A Florida prison guard accused of breaking a female inmate’s neck in a vicious attack, and who has a long history of inmate complaints alleging physical and sexual abuse, was arrested Wednesday on charges of molesting two minors.

The Marion County Sheriff’s Office announced the arrest of Keith Turner on charges of sexual battery, lewd or lascivious molestation, lewd or lascivious exhibition, and a second count of lewd and lascivious molestation in a second case.

According to the sheriff’s office, Turner’s accuser wrote a letter to a family member saying Turner began abusing her on a nightly basis when she was 6, and that the abuse continued until she was 16. During the investigation, detectives interviewed another juvenile who said she was sexually abused by Turner.

As Reason reported, Turner is one of two correctional officers named in a civil rights lawsuit accusing him of paralyzing an inmate at Lowell Correctional Institution, Florida’s largest women’s prison, where Turner watched over the vulnerable population for nearly a decade.

On Aug. 21, Lowell inmate Cheryl Weimar was admitted to the hospital with severe neck trauma. According to her lawsuit, Weimar, who has a history of mental illness, complained that she couldn’t clean toilets because of pain from a pre-existing hip condition. This led to a confrontation with Turner and another guard, according to Weimar’s lawsuit. 

Weimar tried to declare a psychological emergency. Under department policy, the guards should have called for medical personnel. Instead, Weimar’s lawsuit alleges, Turner and the other officer slammed her to the ground and began beating her. At least one guard elbowed the back of her neck, the suit says. Weimar was then dragged “like a rag doll” to an area not covered by surveillance cameras.

Weimar is now quadriplegic, according to the lawsuit.

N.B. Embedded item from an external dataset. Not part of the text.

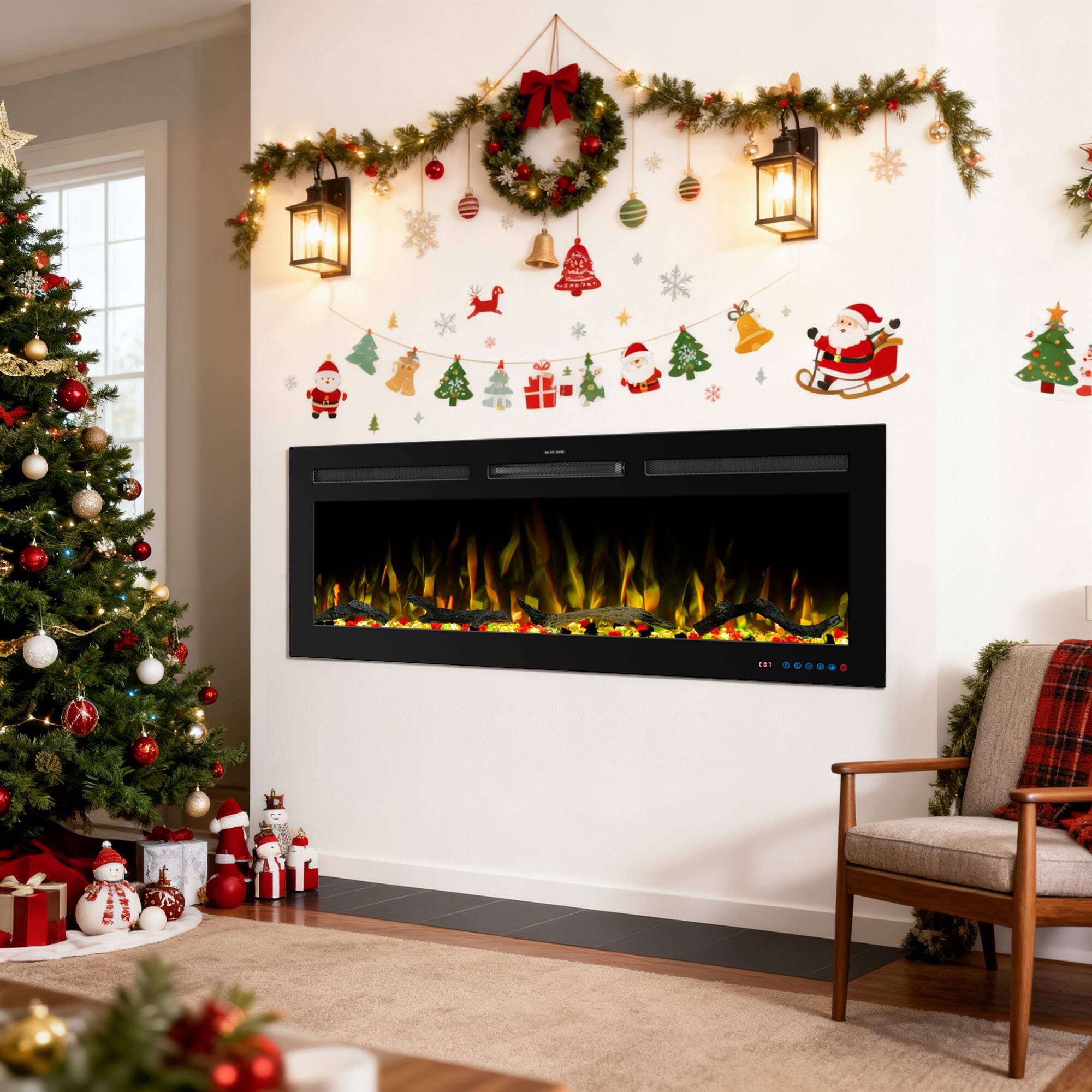 Front. Ihomeadore - 42" Smart Recessed Wall-Mounted Electric Fireplace Insert with APP and Remote, Multi-Color Flame & Speed - Black.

Records released last week in the lawsuit revealed that Turner had a decade-long history of inmate complaints against him alleging excessive force, sexual abuse and misconduct, racial slurs, and sadistic punishments that included leaving a handcuffed woman in 93-degree heat for 3 hours while calling her a “fat pig.” Another inmate told sheriff’s deputies that she witnessed Turner and another officer trading contraband cigarettes for oral sex.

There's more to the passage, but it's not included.